Sehr geehrter Herr Lohmann,
der Definition der in Kommentar(1)genannten "unverhandelbaren Prinzipien" stimme ich als Angehörige einer evangelischen Freikirche ebenfalls zu, weil sie biblisch und daher christlich
ist. Meines Erachtens ist die Zeit soweit forgeschritten, dass ein Schulterschluss aller Christen über Denominationsgrenzen hinweg angesagt ist, um pro Gesellschaft politisch wirksam "Salz und Licht" zu sein.

Mit freundlichen Grüßen
Friederike Rettelbach

Gravatar: Paul Herzog von Oldenburg

Lieber Herr Lohmann!
Es ist gut, daß Sie eine Pro-Bewegung sein wollen.
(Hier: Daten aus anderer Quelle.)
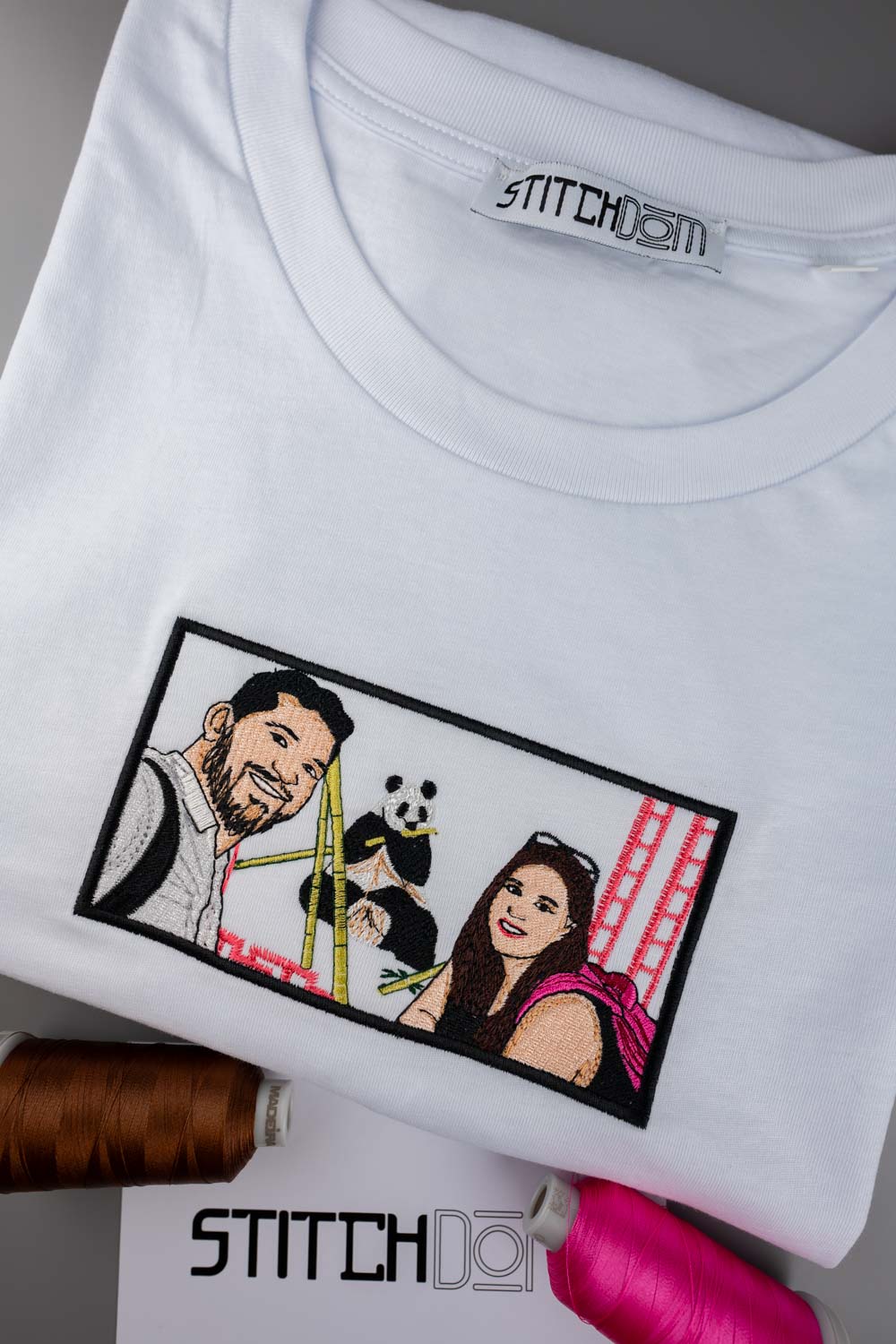 Tricou alb din bumbac organic, împăturit, cu un portret brodat personalizat în formă de patch dreptunghiular pe piept, pe un fundal gri, alături de conuri de ață.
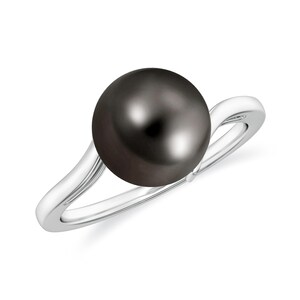 Puede incluir: Un anillo de plata con una perla grande, brillante y de color gris oscuro. La banda del anillo tiene un diseño suave y fluido que se curva hacia arriba para sostener la perla. La perla es perfectamente redonda y refleja la luz.
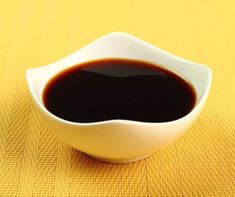 a white bowl filled with black liquid on top of a yellow cloth covered tablecloth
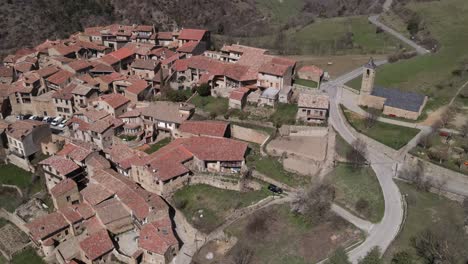Aerial-views-of-an-old-village-with-a-romanesque-church-in-the-pyrenees-in-Spain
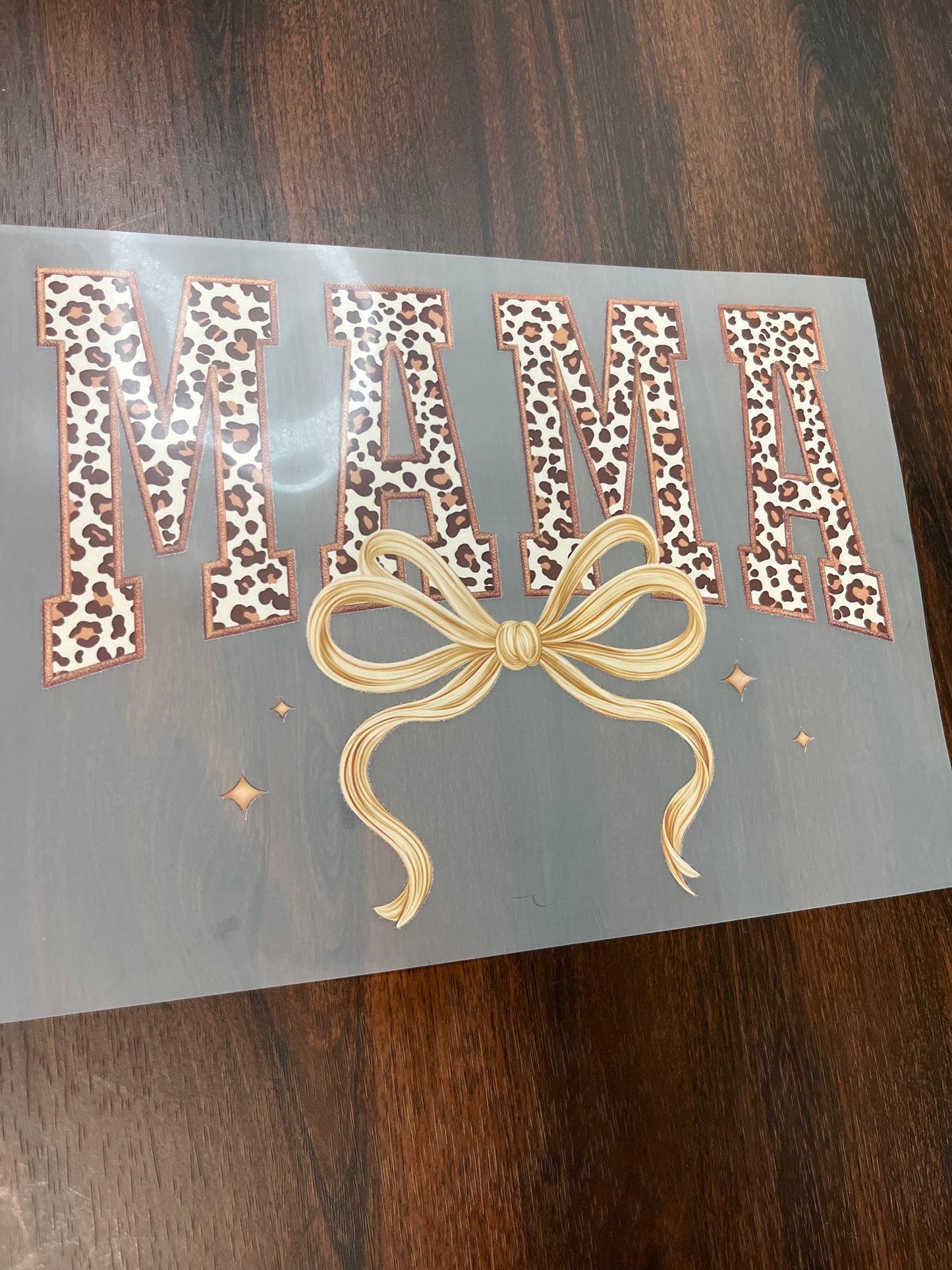 Cheetah mama with bow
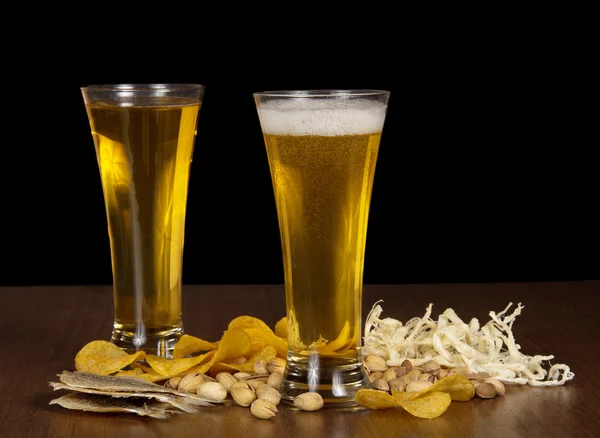 Szkło dwa piwa z pianki i fiolek, przekąskę do piwa, na stole — Zdjęcie stockowe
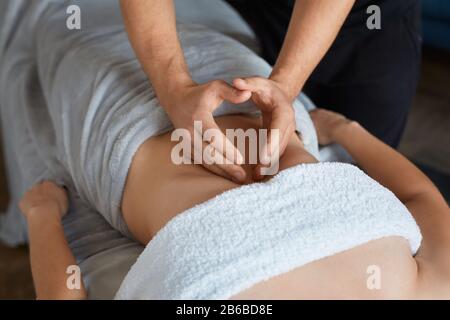 Junge schöne Frau, die im Spa eine Antikellulit-Bauchmassage genießt.professionelle Massagetherapeutin behandelt eine Patientin in der Wohnung.Entspannung Stockfoto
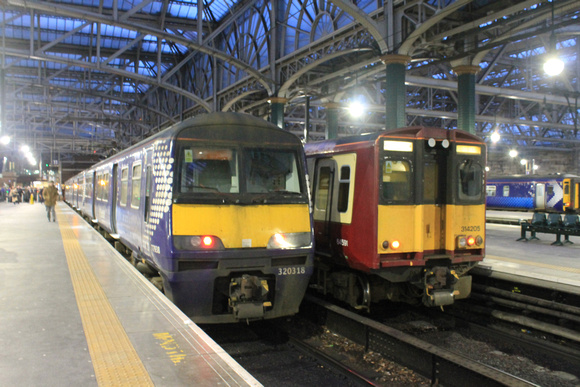 320318 and 314205 at Glasgow Central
Für das katholische Profil. Darüber wird sich der Heilige Vater freuen, der die "unverhandelbaren Prinzipien" für uns Katholiken definiert hat: Das Leben beginnt mit der Empfängnis und endet mit dem natürlichen Tod; die Familie ist die Keimzelle der Gesellschaft und verdient besonderen Schutz; eine Ehe ist die Verbindung zwischen einem Mann und einer Frau. Der Staat ist auch dem Schutz der traditionellen Ehe gegenüber verpflichtet und darf den Ehebegriff nicht aufweichen.
Die neue Familienministerin ist diesbezüglich auf Abwegen. Sie will die Rechte von homosexuellen Partnerschaften stärken. Dies geht zu ungunsten der Ehe und fördert einen widernatürlichen Lebensstil, wie es die katholische Kirche sieht.
Wir Katholiken erwarten also Ihren lebhaften Widerstand zugunsten katholischer Überzeugungen.